Your task -
With the line containing "1 Pcs Stainless" as the final line, restate exactly every line of the data below from the first one onward, and copy no pictures.
*** Opening of Records for the task ***
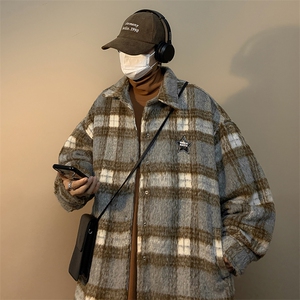 男春秋季款格子外套男士潮流格子休闲宽松港风百搭JK02024-P75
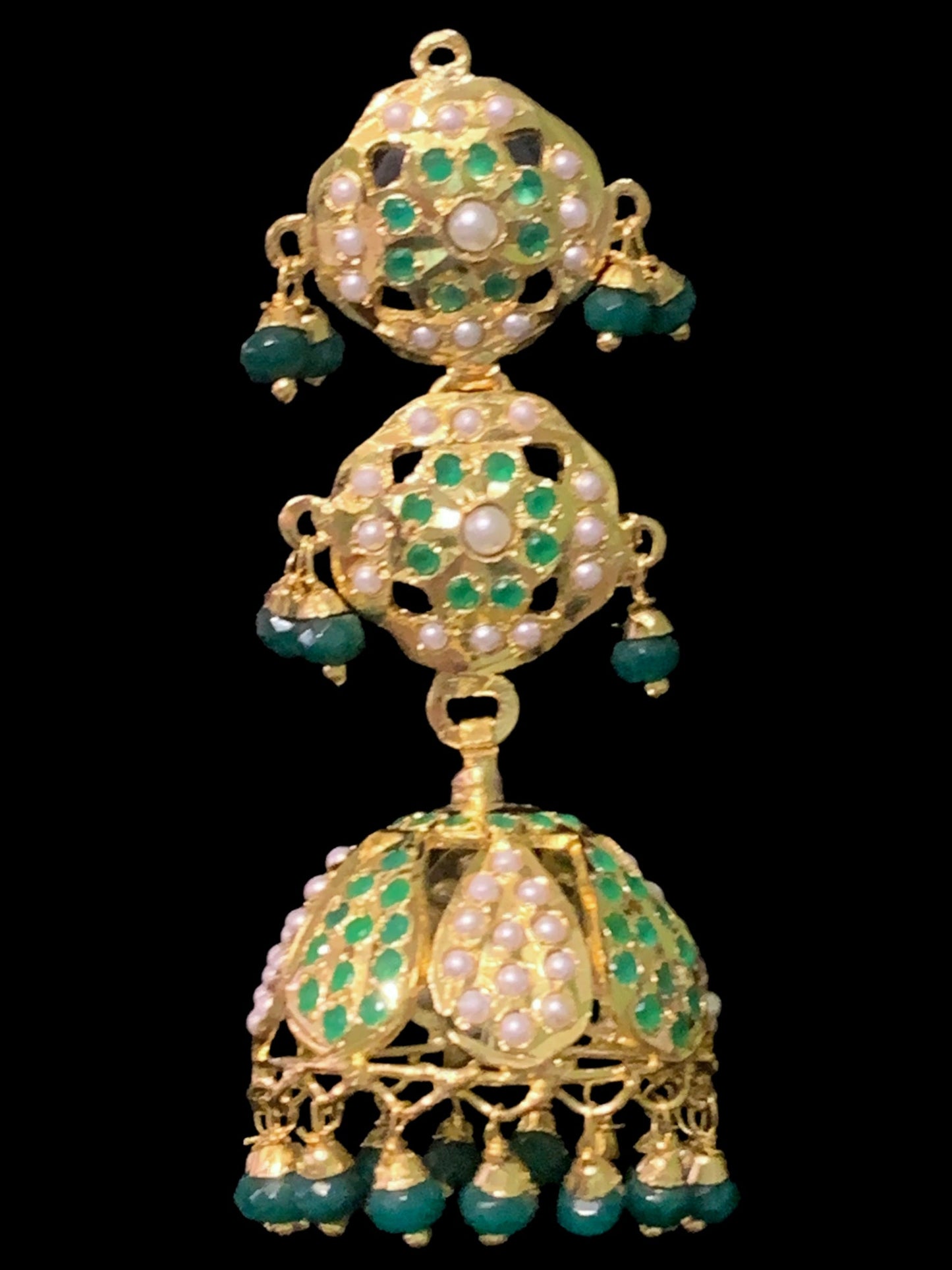 DER395 Hina jhumka ( green ) (READY TO SHIP )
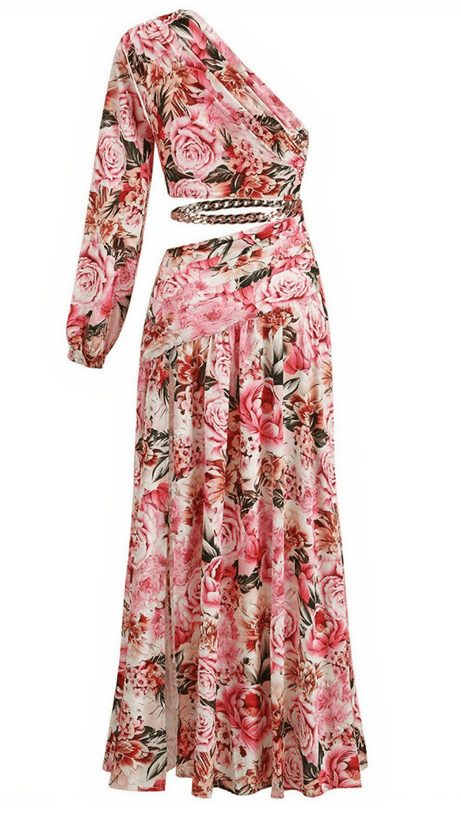 Annabella – One-Shoulder-Maxikleid mit Blumen- und Cut-Outs in Rosa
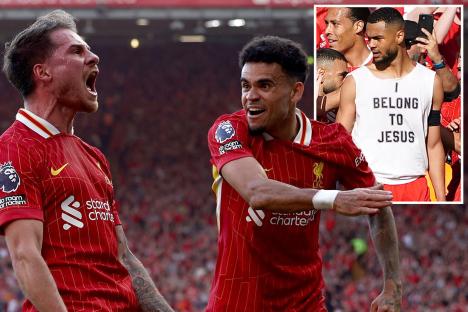 Liverpool 5 Tottenham 1: Reds crowned champions in front of Kop after coming from behind to demolish woeful Spurs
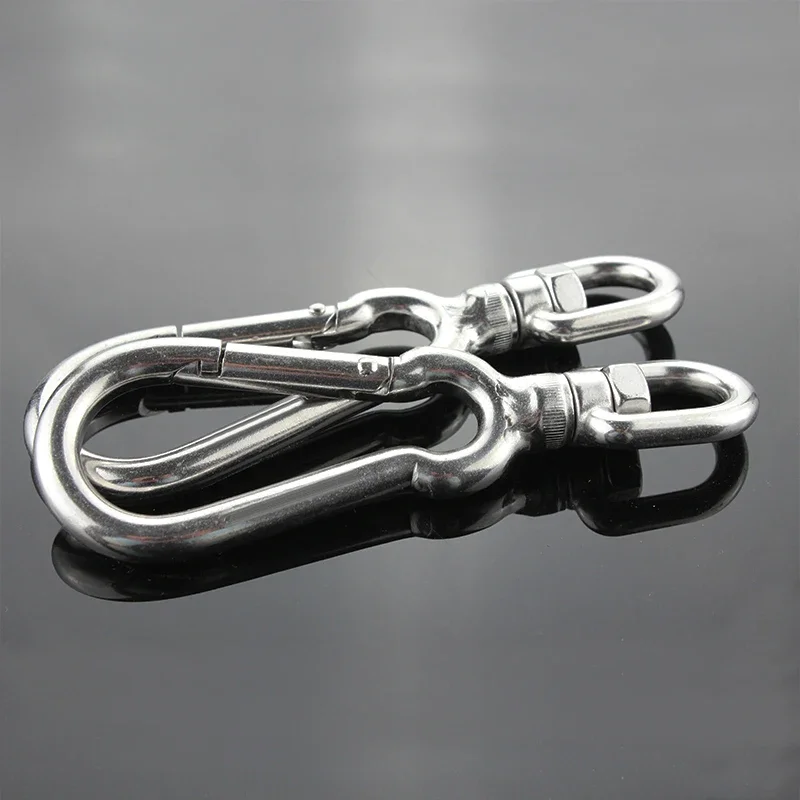 1 Pcs Stainless Steel Dog Chain Pet Leashes Quick hook Multifunction Swivel Eye Spring Snap Hook Chain Carabiner Hiking Camping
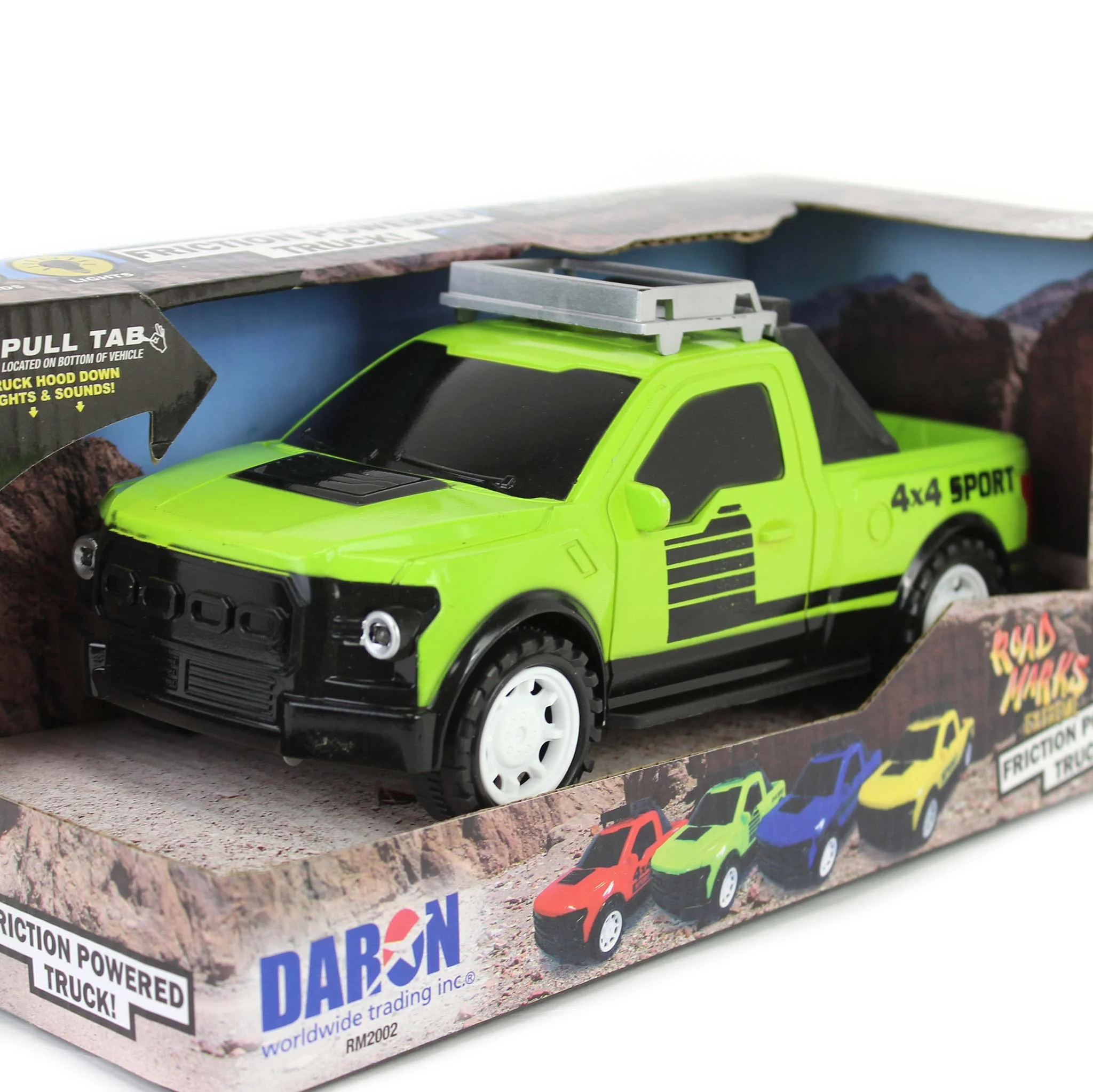 Road Marks Green Off Road Pickup Truck-Friction Powered - Image 2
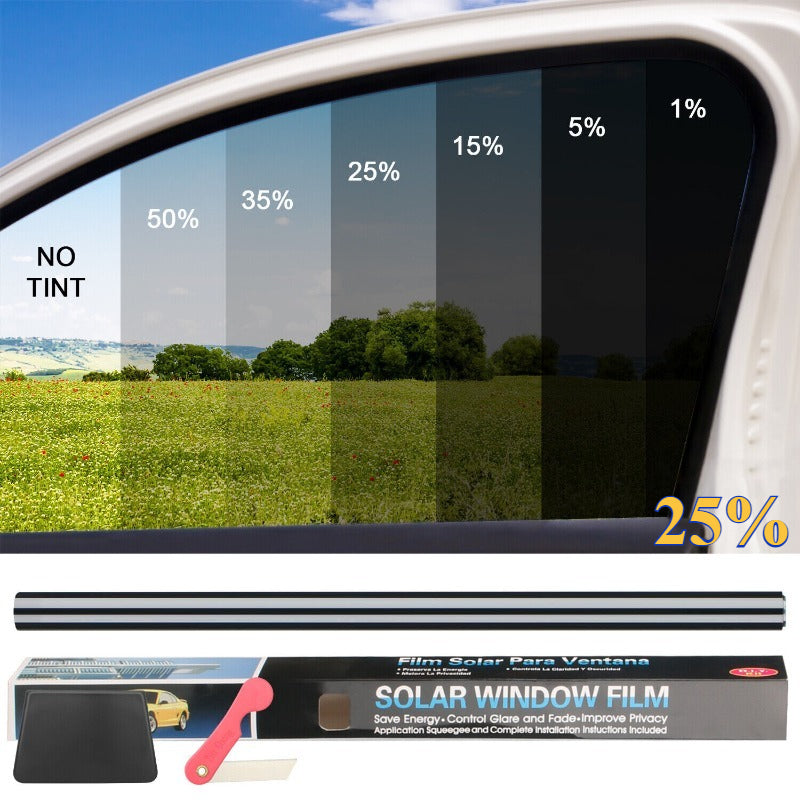 Black PET Car Window Tint Film with Six Percentage Model Labels, Listed 9.8-Foot by 20-Inch Roll with Scraper and Knife for Compatible Glass Projects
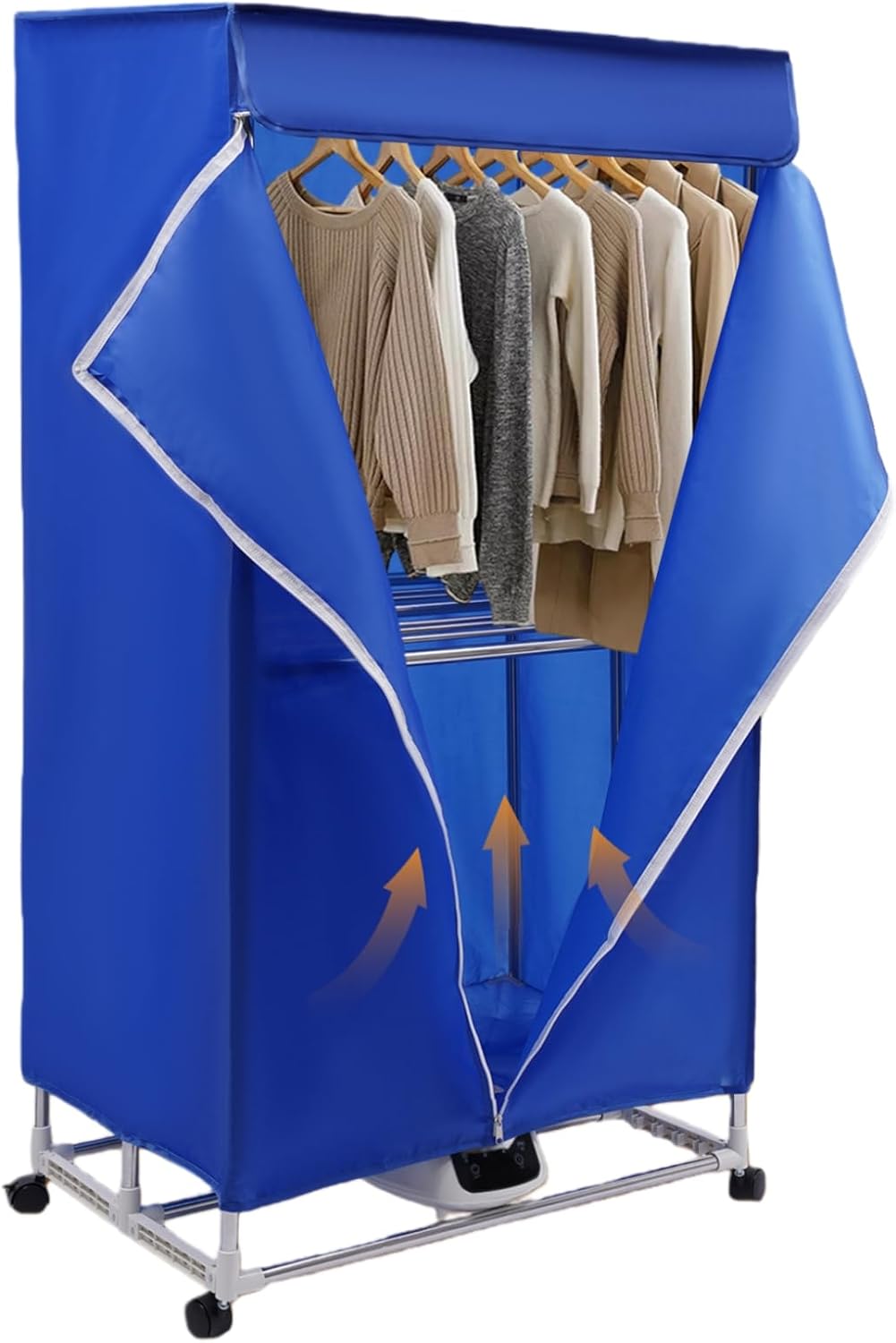 Portable Clothes Dryer 1500W Portable Dryer Machine with Adjustable Double-Tier Rack & Locking Wheels Foldable Apartment Dryer for Clothes, 66 Lbs Weight Capacity (Blue)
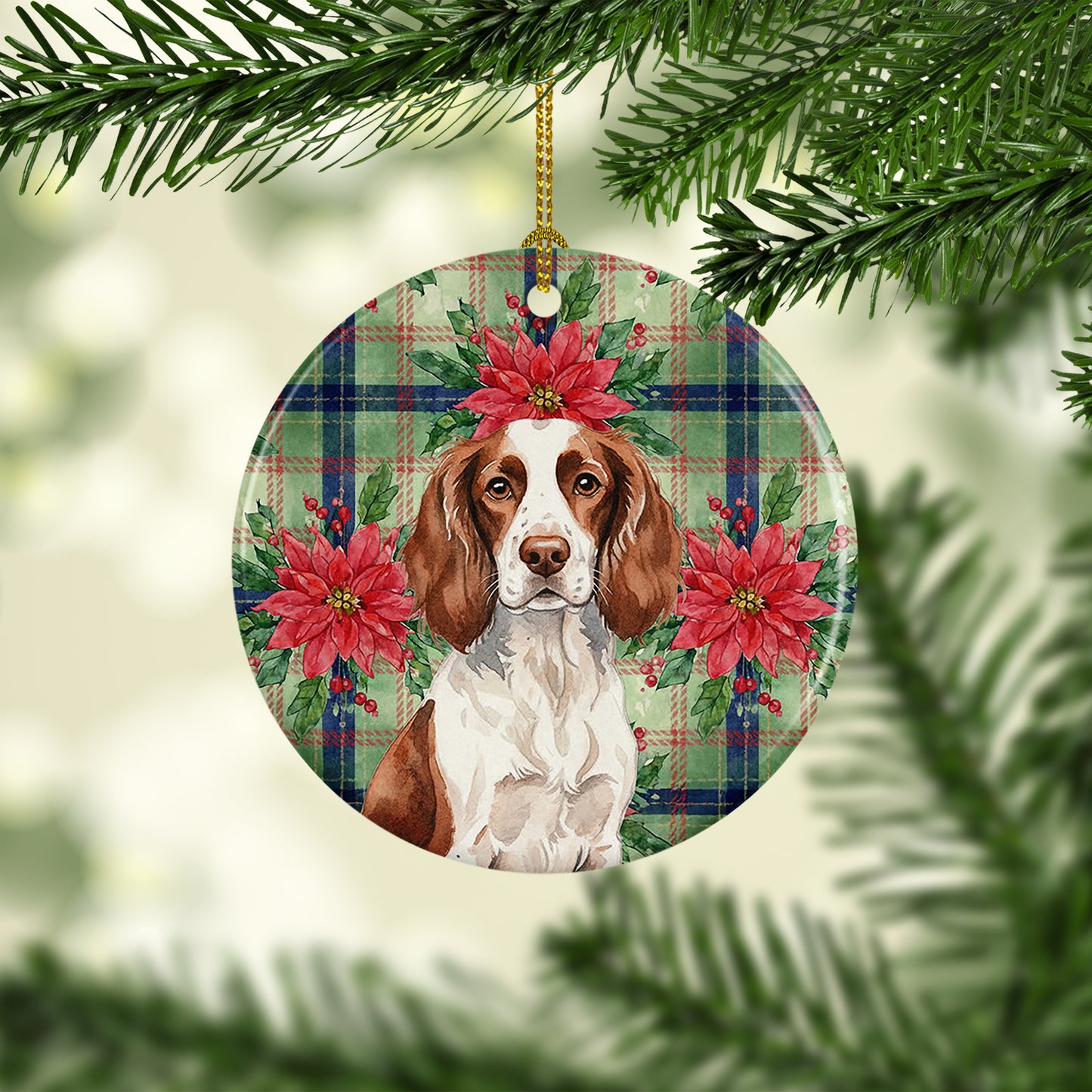 Liver and White English Springer Spaniel Christmas PoinsettIas Ceramic Ornament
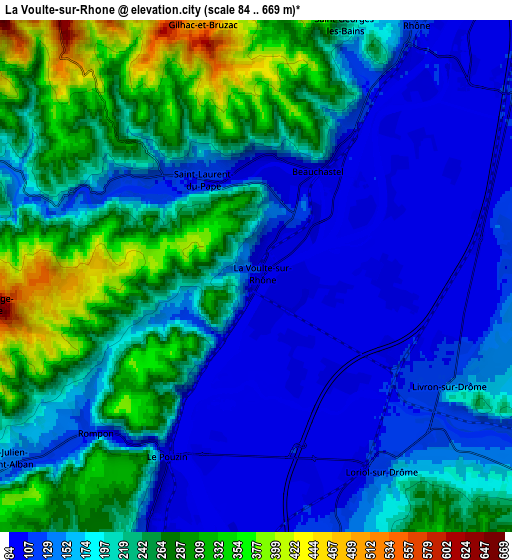 Zoom OUT 2x La Voulte-sur-Rhône, France elevation map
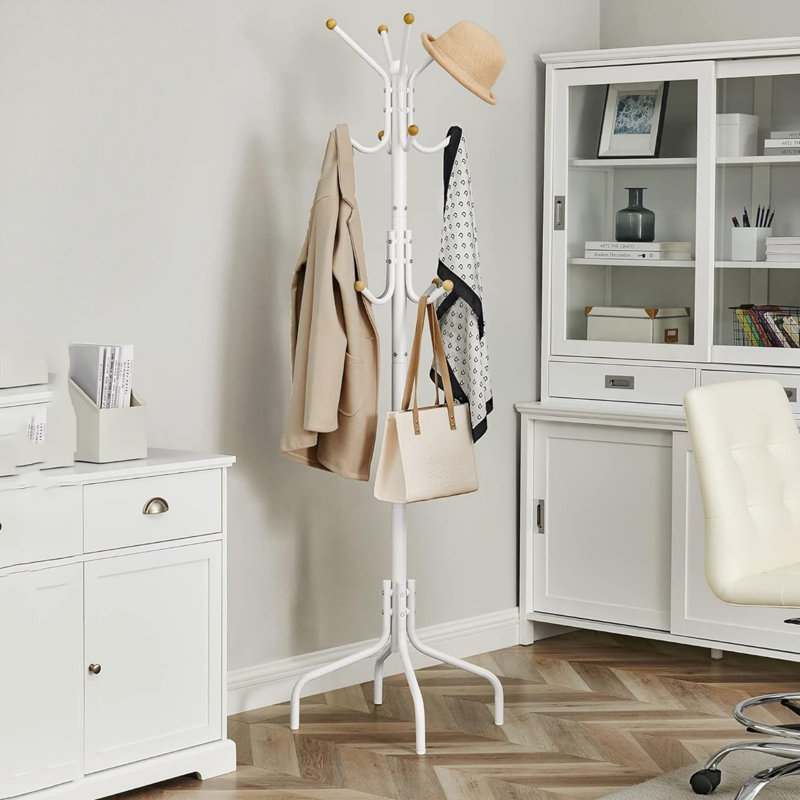 Freestanding 12 - Hook Coat Rack, White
*** Close of Records for the task ***
Solution for this task -
 男春秋季款格子外套男士潮流格子休闲宽松港风百搭JK02024-P75
 DER395 Hina jhumka ( green ) (READY TO SHIP )
 Annabella – One-Shoulder-Maxikleid mit Blumen- und Cut-Outs in Rosa
 Liverpool 5 Tottenham 1: Reds crowned champions in front of Kop after coming from behind to demolish woeful Spurs
 1 Pcs Stainless Steel Dog Chain Pet Leashes Quick hook Multifunction Swivel Eye Spring Snap Hook Chain Carabiner Hiking Camping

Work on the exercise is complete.